In [1]:
# Dependencies and Setup
import pandas as pd
import numpy as np

# File to Load (Remember to Change These)
file_to_load = "Resources/purchase_data.csv"

# Read Purchasing File and store into Pandas data frame
purchase_data = pd.read_csv(file_to_load)

In [3]:
# "${:,.2f}". format(amount)

# Count total players

In [4]:
total_players = len(purchase_data.SN.value_counts())
total_player_dict = [{"Total Player": total_players}]

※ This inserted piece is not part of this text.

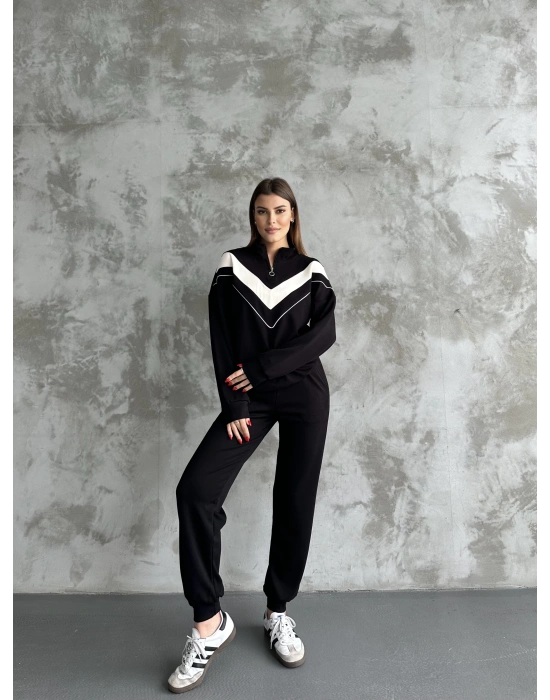 Siyah Garnili Modal Yarım Fermuarlı Takım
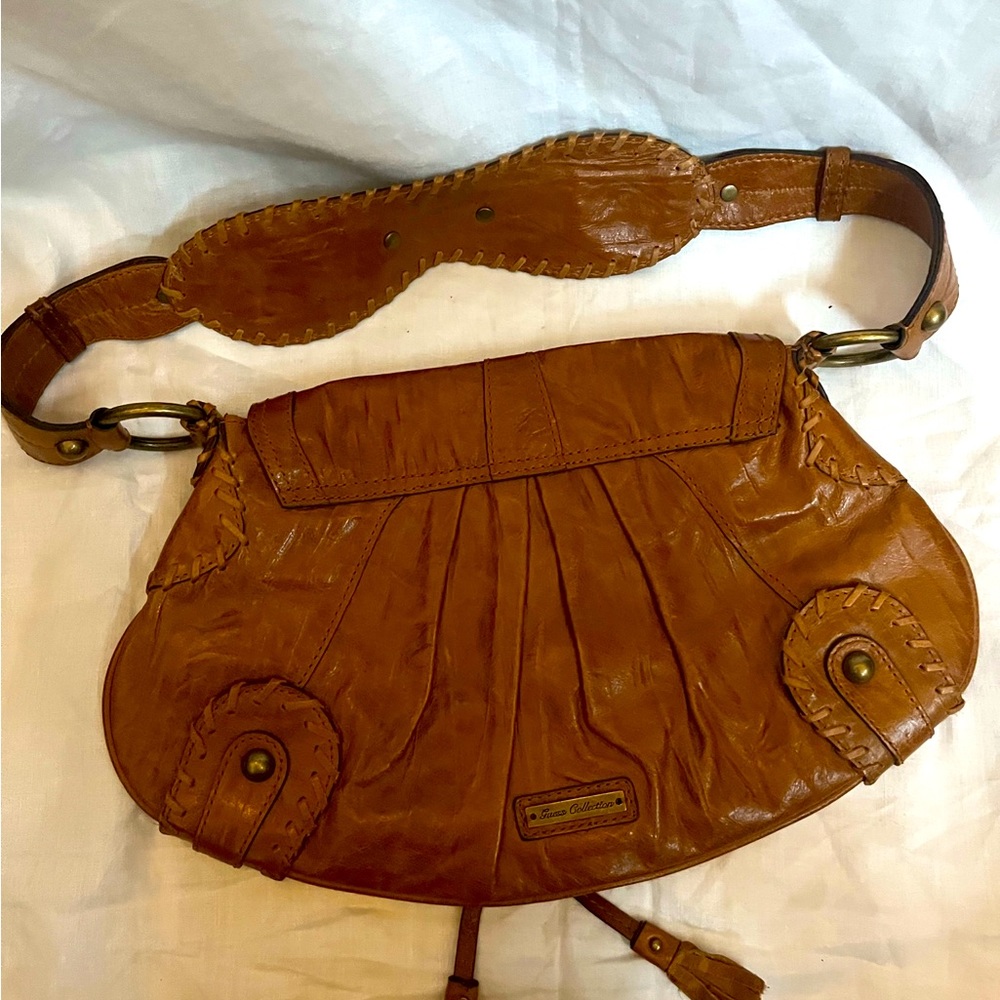Guess Collection Brown Leather Hand Bag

total_player_df = pd.DataFrame(total_player_dict)
total_player_df.head()

Unnamed: 0,Total Player
0,576


# Purchase analysis

In [5]:
unique_item = len(purchase_data["Item Name"].value_counts())
avg_price = purchase_data.Price.mean()
num_of_purchase = purchase_data["Purchase ID"].count()
total_revenue = purchase_data.Price.sum()


data_insert = {'Number of Unique Items' : [unique_item], 'Average Price' : [avg_price], 
               'Number of Purchases': [num_of_purchase], 'Total Revenue' : [total_revenue]}
purchase_analysis_df = pd.DataFrame(data = data_insert)

purchase_analysis_df

Unnamed: 0,Number of Unique Items,Average Price,Number of Purchases,Total Revenue
0,179,3.050987,780,2379.77


# Gender Demographic

In [8]:
#male users calculation
male_users_df = purchase_data.loc[purchase_data["Gender"] == "Male"]
number_male_users = len(male_users_df.SN.value_counts())
percentage_male= "{:.2%}".format(number_male_users/ total_players)
                 
#female users calculation
female_users_df = purchase_data.loc[purchase_data["Gender"] == "Female"]
number_female_users = len(female_users_df.SN.value_counts())  
percentage_female= "{:.2%}".format(number_female_users/ total_players)


#other/ nondisclosed calculation
none_disclosed_df = purchase_data.loc[purchase_data["Gender"] == "Other / Non-Disclosed"]
none_disclosed_users = len(none_disclosed_df.SN.value_counts())
percentage_none_disclosed = "{:.2%}".format(none_disclosed_users/total_players)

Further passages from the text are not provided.